For years I thought success meant arrival.
Eventually I’d get there—wherever there was—and I could finally exhale. Mission accomplished. Hey... cake for everyone.
But I had it all wrong, and it cost me.
Take food, for example. I would diet to lose weight so I could finally get to my goal—and then go back to eating whatever I wanted again.
Big shocker, I never really hit the goal. I would just gain it all back.
Yo-yo dieting, anyone?
Then I joined the gym to 'get fit'—figuring I’d hit the weights for a few weeks, unlock Brad Pitt’s Fight Club body, and coast from there.
Another shocker: that didn't work. The gym was hard, and progress was slow.
So I would quit.
Until I got sick of being out of shape again.
Then I would sign back up.
Has anyone else collected gym memberships without showing up?
Then, a few years later, I got married.
I thought that was the finish line.
Find the woman of my dreams. Put a ring on it. Ride off into the sunset.
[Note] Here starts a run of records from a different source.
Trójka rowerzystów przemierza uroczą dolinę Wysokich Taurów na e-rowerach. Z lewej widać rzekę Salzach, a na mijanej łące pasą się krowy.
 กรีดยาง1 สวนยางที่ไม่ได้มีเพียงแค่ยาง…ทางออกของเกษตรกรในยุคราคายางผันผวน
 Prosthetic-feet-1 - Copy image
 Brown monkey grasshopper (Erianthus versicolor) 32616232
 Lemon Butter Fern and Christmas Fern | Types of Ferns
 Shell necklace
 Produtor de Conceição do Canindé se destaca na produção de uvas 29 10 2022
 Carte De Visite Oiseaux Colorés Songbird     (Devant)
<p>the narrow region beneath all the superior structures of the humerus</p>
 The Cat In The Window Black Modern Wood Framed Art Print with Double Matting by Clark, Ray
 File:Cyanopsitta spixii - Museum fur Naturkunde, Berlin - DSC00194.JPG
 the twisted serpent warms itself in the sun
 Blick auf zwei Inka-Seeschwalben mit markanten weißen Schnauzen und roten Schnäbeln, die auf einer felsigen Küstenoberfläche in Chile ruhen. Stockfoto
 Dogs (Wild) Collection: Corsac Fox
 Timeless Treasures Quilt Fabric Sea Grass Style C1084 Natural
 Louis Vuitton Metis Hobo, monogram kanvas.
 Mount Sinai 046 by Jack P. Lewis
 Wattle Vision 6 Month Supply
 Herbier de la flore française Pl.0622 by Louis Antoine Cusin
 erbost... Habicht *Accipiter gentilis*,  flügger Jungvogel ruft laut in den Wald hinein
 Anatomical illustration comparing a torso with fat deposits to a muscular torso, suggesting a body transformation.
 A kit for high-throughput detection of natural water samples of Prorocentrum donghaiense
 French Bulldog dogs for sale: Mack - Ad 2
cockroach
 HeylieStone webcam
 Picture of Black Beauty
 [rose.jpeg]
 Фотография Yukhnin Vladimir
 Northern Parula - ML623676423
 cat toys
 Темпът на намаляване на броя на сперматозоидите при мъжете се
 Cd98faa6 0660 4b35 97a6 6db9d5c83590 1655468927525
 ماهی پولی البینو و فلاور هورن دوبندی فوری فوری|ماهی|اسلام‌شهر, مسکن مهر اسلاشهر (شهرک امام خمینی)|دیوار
All the hard work behind us...
(We can all roll our eyes together on that one.)
The work was just getting started.
It took me way too long to realize this:
The arrival was never the point.
The destination was always a myth.
Eating healthy?
It’s not about a number on a scale.
It’s about momentum—the daily choice to treat your body like it matters. The joy of feeling stronger, clearer, more alive. It’s not something you “arrive” at. It’s something you keep choosing.
Going to the gym?
Same thing.
It’s not about chasing an aesthetic. It’s about showing up and pushing your body to uncomfortable places—so you can get the most out of life. It’s about stacking little wins. Building motion. Staying in motion.
And marriage?
It’s not the wedding. It’s not the rings. It’s not the sunset.
It’s the grit of choosing each other again, and again, and again.
It’s learning to fight for resolution instead of being right.
It’s vulnerability, honesty, growth—and yes, sometimes pain.
But the fruit of it?
A connection worth fighting for.
A relationship that moves with you,
that grows with you,
that makes you better—together.
So yeah.
Here’s the real confession:
I failed for years because I thought success was a destination.
But it’s not.
Success is motion.
It’s choosing to move.
To grow.
To show up.
Even when it’s messy.
Especially when it’s messy.
Success isn’t where you land.
It’s how you keep going.
So stop aiming to arrive. Just move.
Been there? Living it now? Hit reply or drop a comment—I’d love to hear what finish line you’re finally ready to burn.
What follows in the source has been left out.